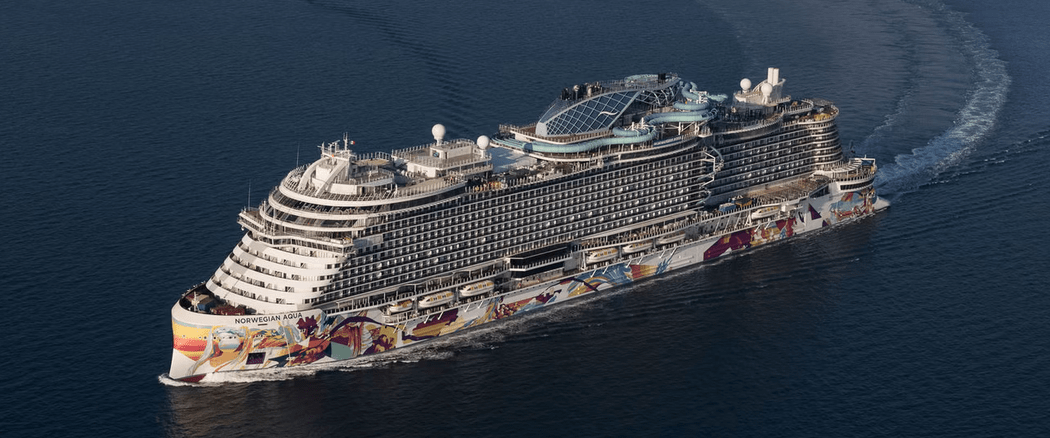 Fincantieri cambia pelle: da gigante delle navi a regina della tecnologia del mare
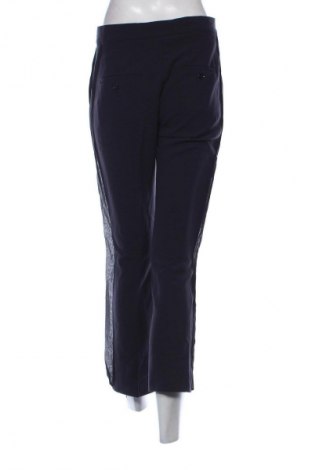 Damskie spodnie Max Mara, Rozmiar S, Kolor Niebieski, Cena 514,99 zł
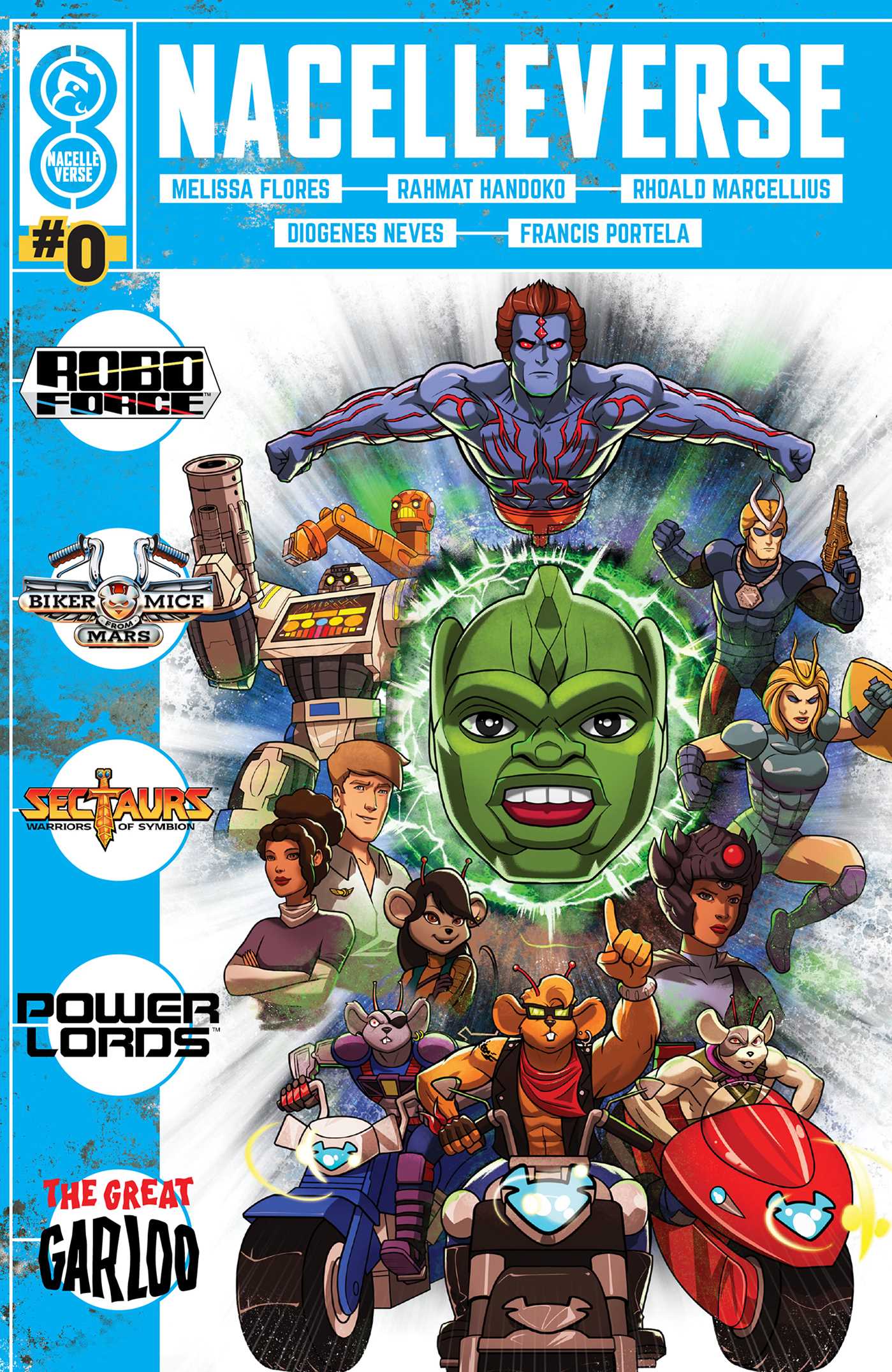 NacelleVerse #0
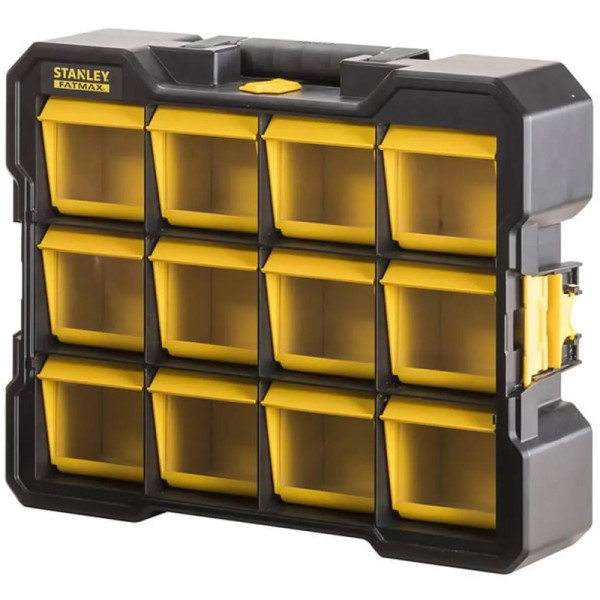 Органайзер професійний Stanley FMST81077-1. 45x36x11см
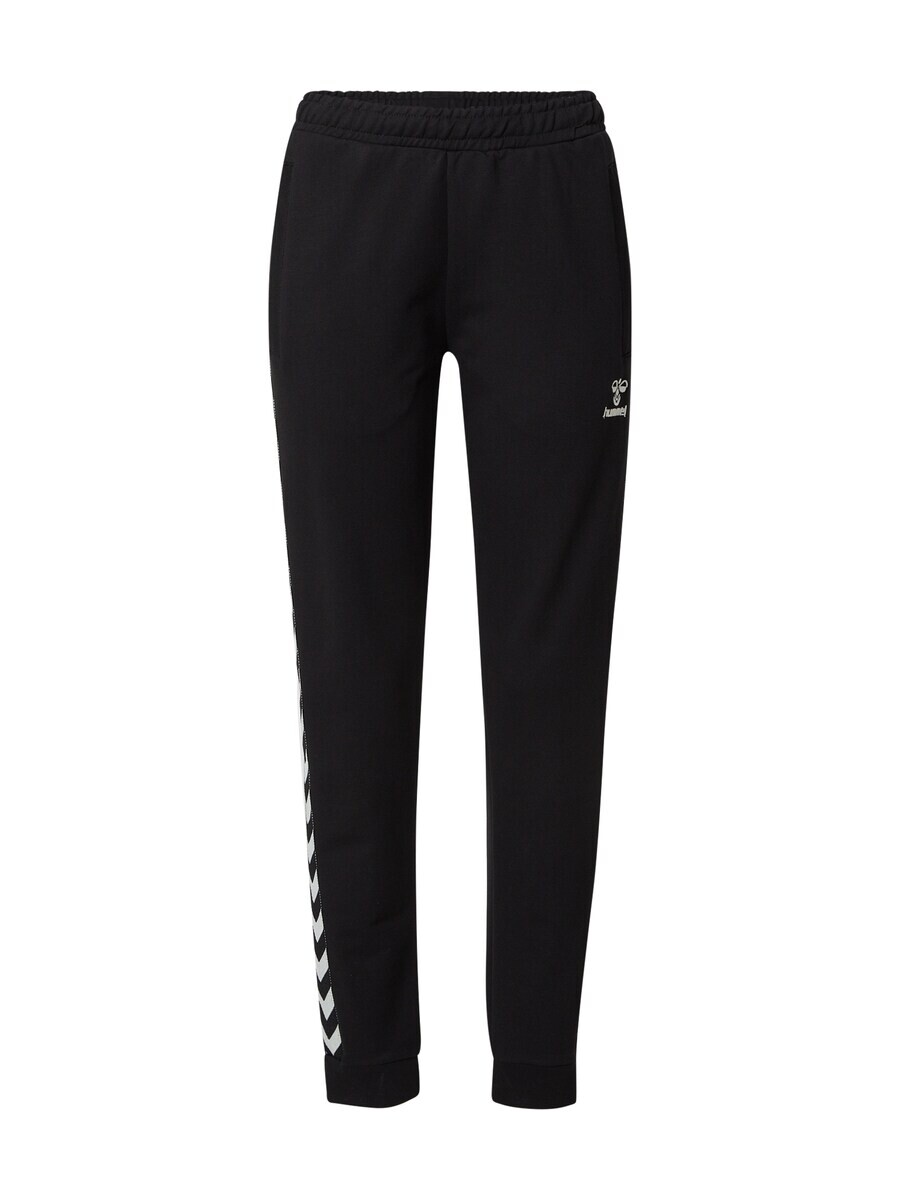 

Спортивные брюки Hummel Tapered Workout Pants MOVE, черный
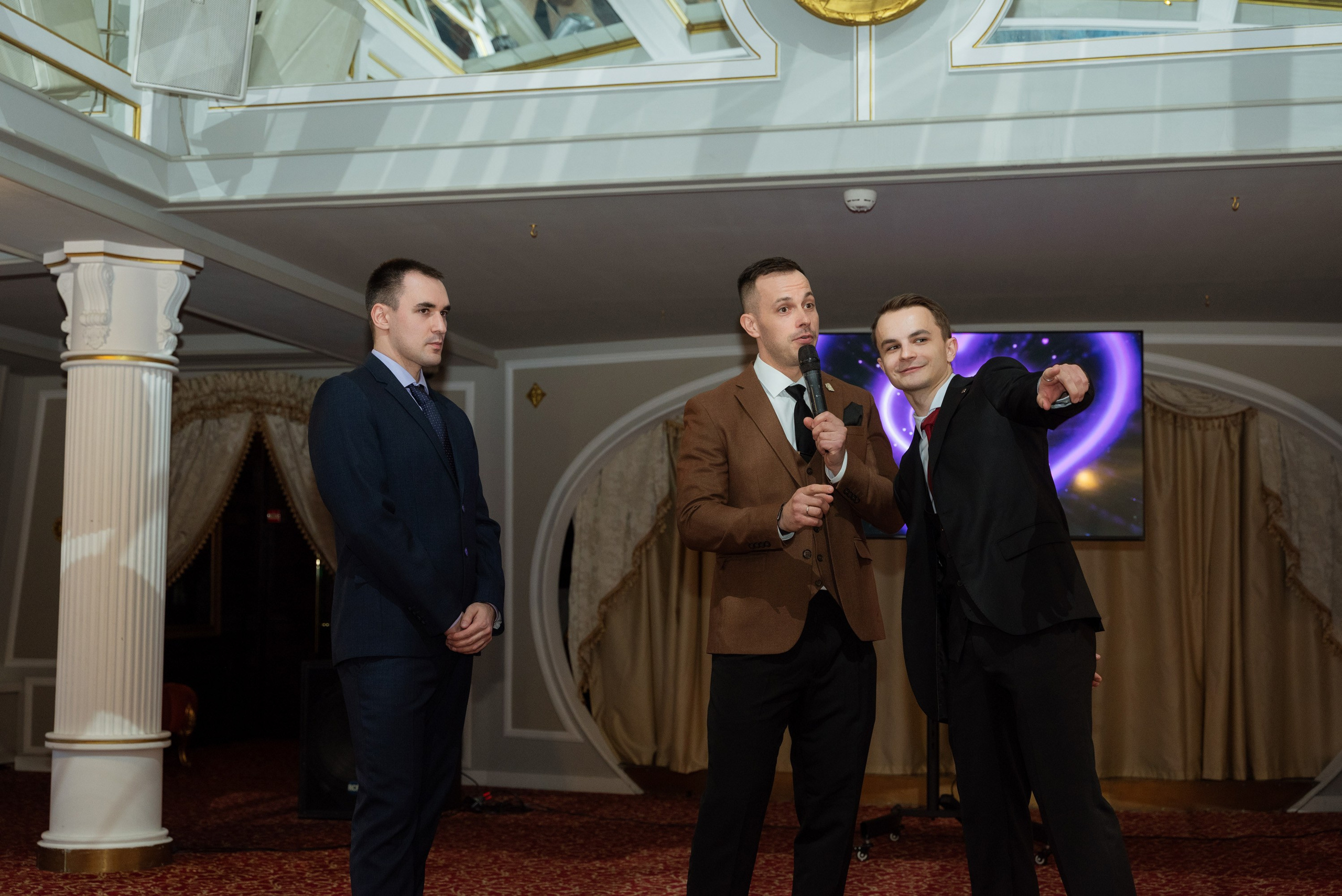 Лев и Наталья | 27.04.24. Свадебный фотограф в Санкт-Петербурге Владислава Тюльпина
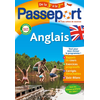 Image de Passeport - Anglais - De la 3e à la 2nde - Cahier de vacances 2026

========

Problem => Leave out the pictures and set down everything else in the entries above exactly.

Exercise output =>
 Fincantieri cambia pelle: da gigante delle navi a regina della tecnologia del mare
 Damskie spodnie Max Mara, Rozmiar S, Kolor Niebieski, Cena 514,99 zł
 NacelleVerse #0
 Органайзер професійний Stanley FMST81077-1. 45x36x11см

Спортивные брюки Hummel Tapered Workout Pants MOVE, черный
 Лев и Наталья | 27.04.24. Свадебный фотограф в Санкт-Петербурге Владислава Тюльпина
 Image de Passeport - Anglais - De la 3e à la 2nde - Cahier de vacances 2026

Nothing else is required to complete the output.